■ **TASK**: Give an exact transcription limited to the lines from the one with "Gardena, lance de" through the end of the entries, including both; no pictures belong in it.

■ **DATA PROVIDED**:

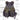 FV05 Fishing Vest for Men Women - Bassdash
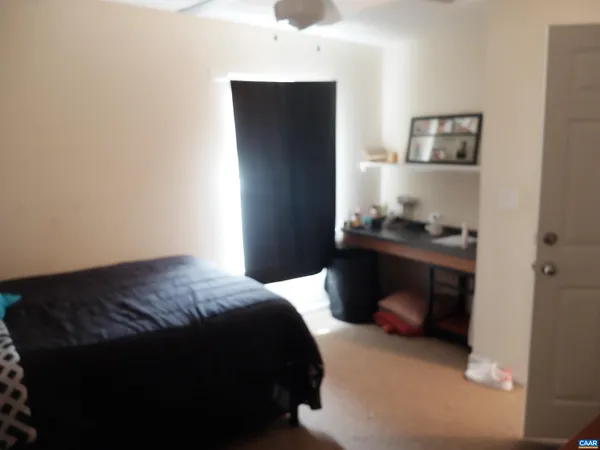 $1,900 | 727 Denali Way, Unit 205, Charlottesville, VA 22903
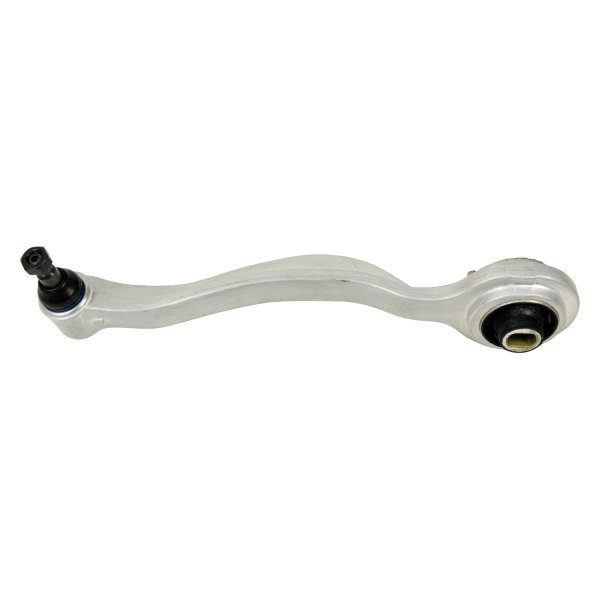 Querlenker 220-330-5711 Für Benz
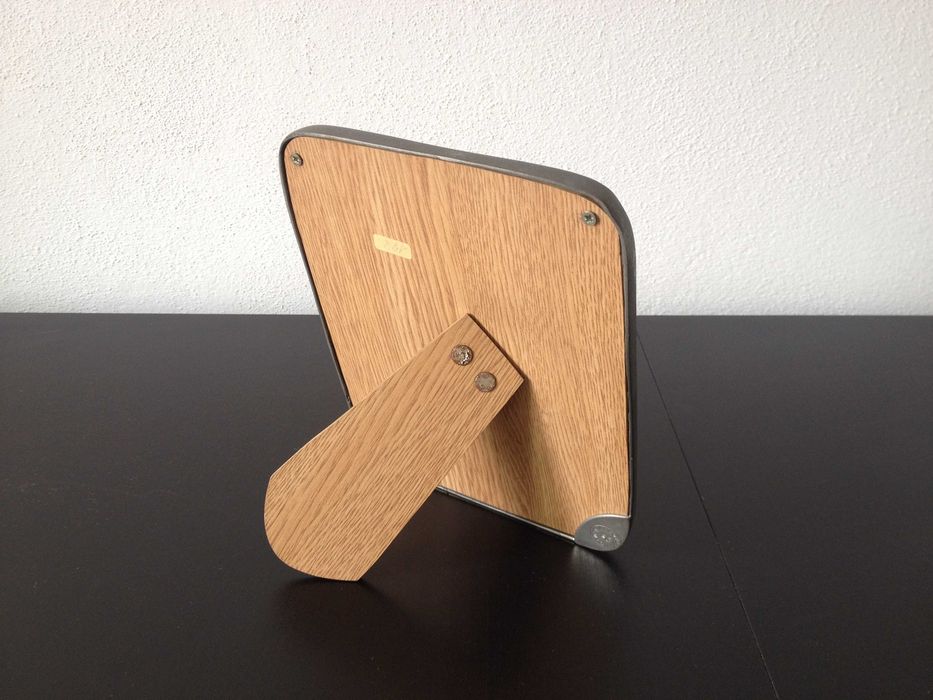 Euroestanho Tin Frame64551671006595121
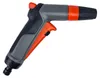 Gardena, lance de nettoyage Blist, Classic Voir les images du produit 2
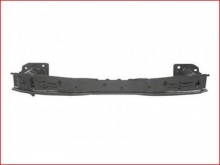 Renfort de pare-chocs avant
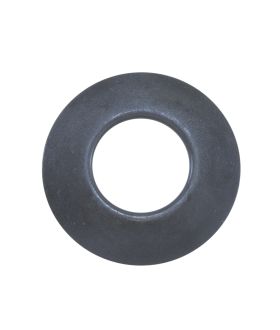 Yukon Gear YSPTW-052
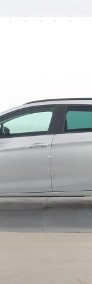 Opel Astra J Salon Polska, 1. Właściciel, VAT 23%, Klimatronic, Tempomat,-4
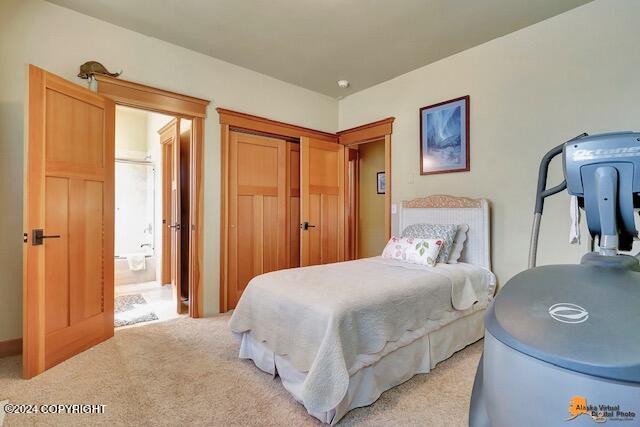 2923 Captain Cook Estates Circle, Anchorage, Alaska image 26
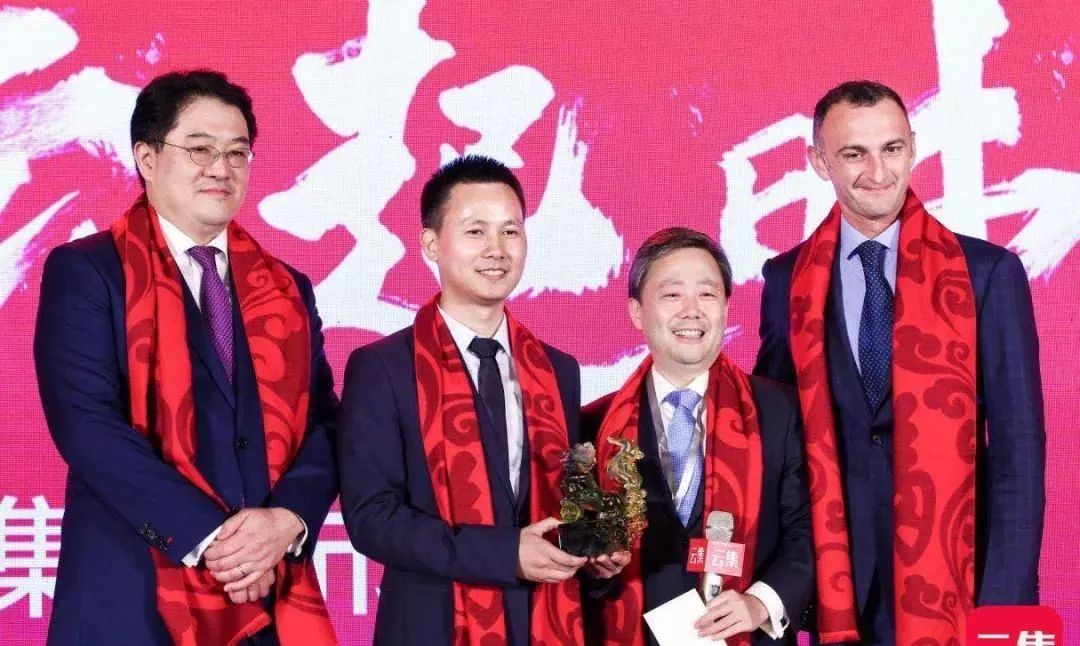 研究数字货币对青年创业者的影响：如何激励创新与商业模式_研究数字货币对青年创业者的影响：如何激励创新与商业模式_研究数字货币对青年创业者的影响：如何激励创新与商业模式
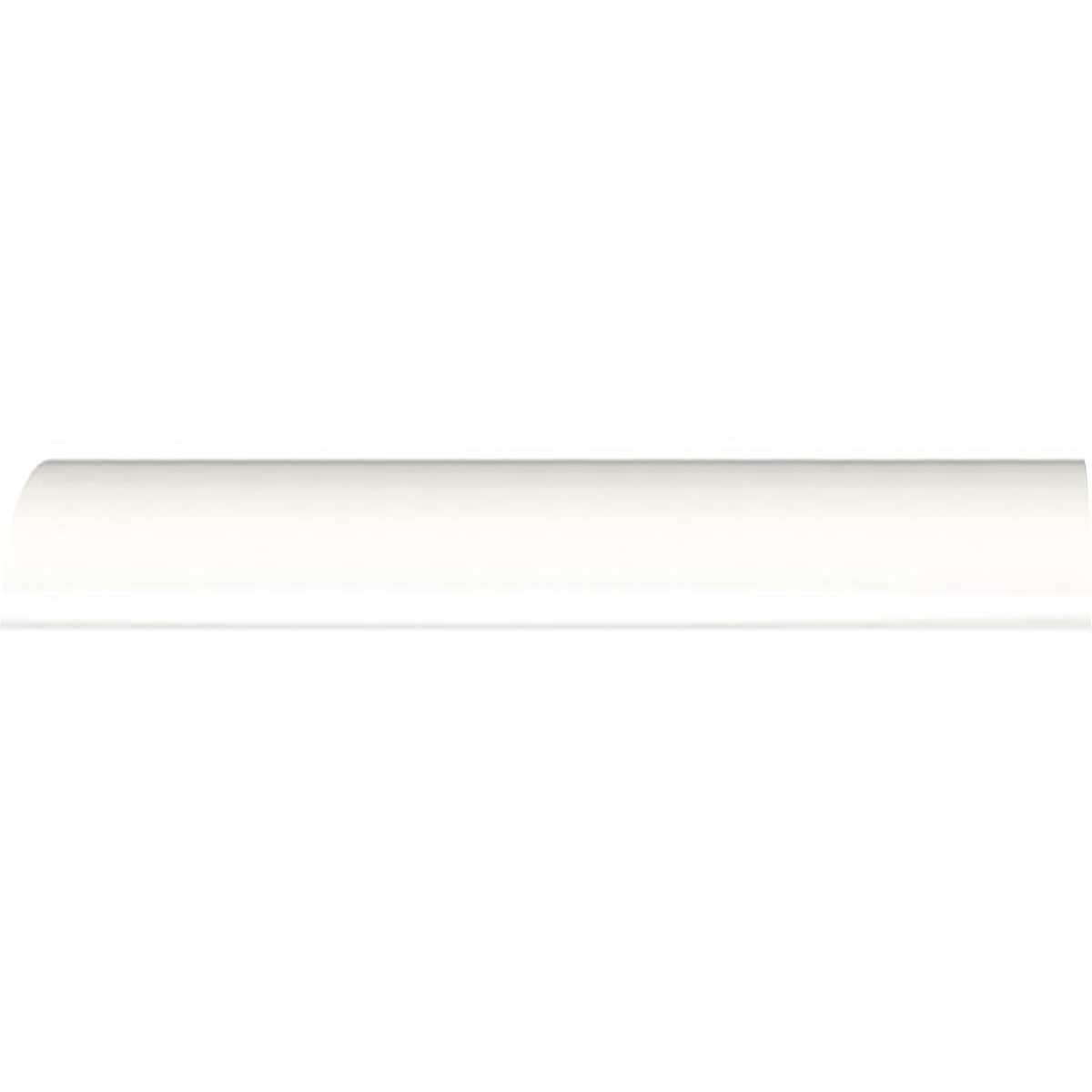 Ekena Millwork WM108X96SWPV Window-Door-Casings - View #3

■ **FINISHED TASK**:
 Gardena, lance de nettoyage Blist, Classic Voir les images du produit 2
 Renfort de pare-chocs avant
 Yukon Gear YSPTW-052
 Opel Astra J Salon Polska, 1. Właściciel, VAT 23%, Klimatronic, Tempomat,-4
 2923 Captain Cook Estates Circle, Anchorage, Alaska image 26
 研究数字货币对青年创业者的影响：如何激励创新与商业模式_研究数字货币对青年创业者的影响：如何激励创新与商业模式_研究数字货币对青年创业者的影响：如何激励创新与商业模式
 Ekena Millwork WM108X96SWPV Window-Door-Casings - View #3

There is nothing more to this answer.